◆ **Captioned web image data**:

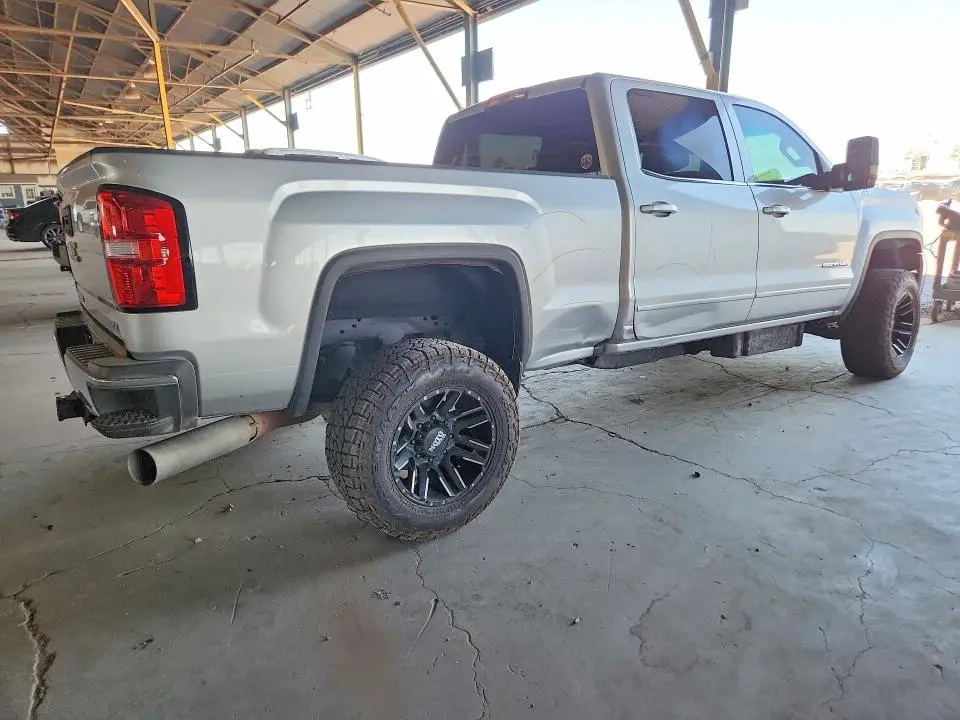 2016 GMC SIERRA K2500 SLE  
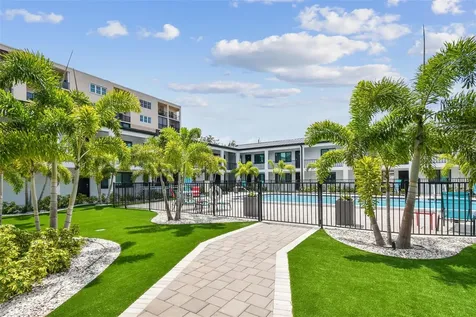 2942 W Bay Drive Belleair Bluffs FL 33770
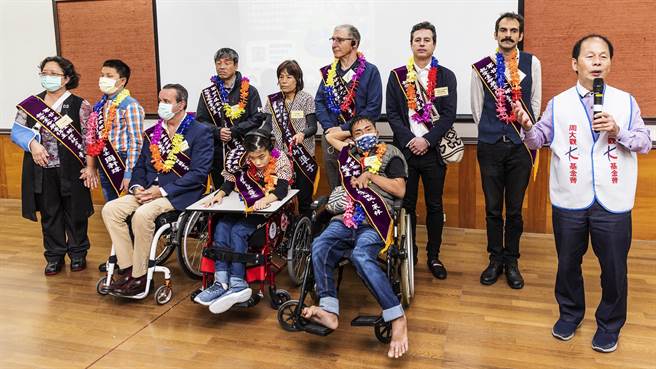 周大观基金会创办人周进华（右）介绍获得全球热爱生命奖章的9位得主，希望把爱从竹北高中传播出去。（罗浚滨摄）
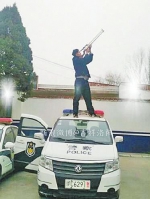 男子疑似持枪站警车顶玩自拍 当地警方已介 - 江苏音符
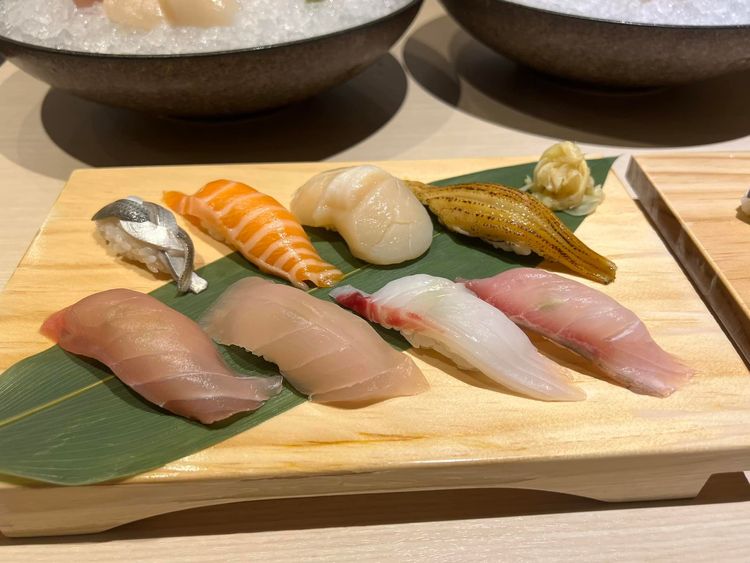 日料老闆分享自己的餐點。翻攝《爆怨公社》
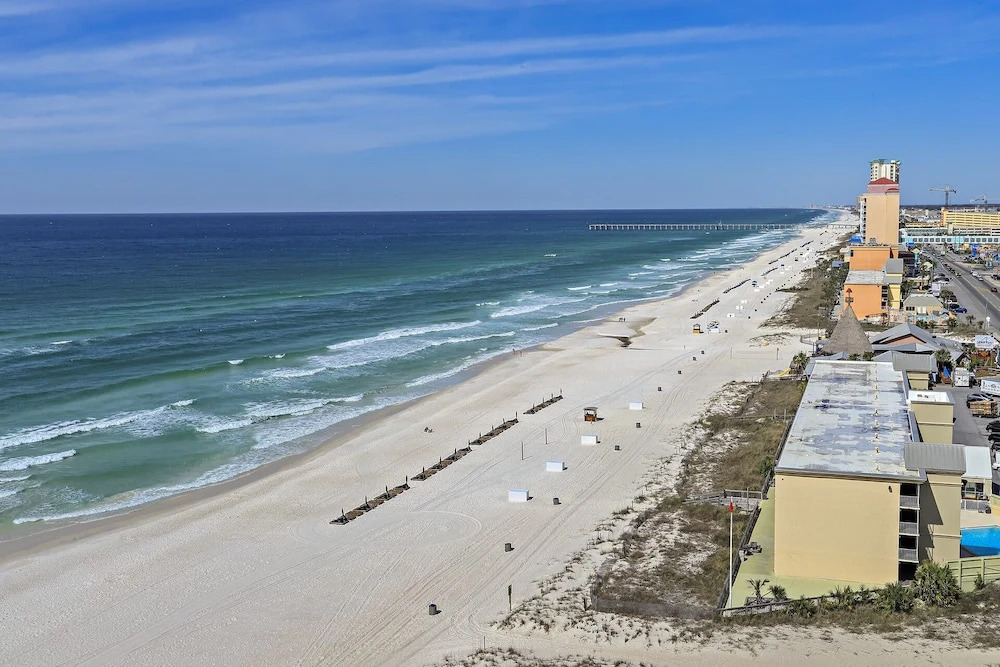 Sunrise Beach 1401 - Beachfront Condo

◆ **Directions**:
Copy the data in full. No pictures belong in the copy.

◆ **Response area**:
 2016 GMC SIERRA K2500 SLE  
 2942 W Bay Drive Belleair Bluffs FL 33770
 周大观基金会创办人周进华（右）介绍获得全球热爱生命奖章的9位得主，希望把爱从竹北高中传播出去。（罗浚滨摄）
 男子疑似持枪站警车顶玩自拍 当地警方已介 - 江苏音符
 日料老闆分享自己的餐點。翻攝《爆怨公社》
 Sunrise Beach 1401 - Beachfront Condo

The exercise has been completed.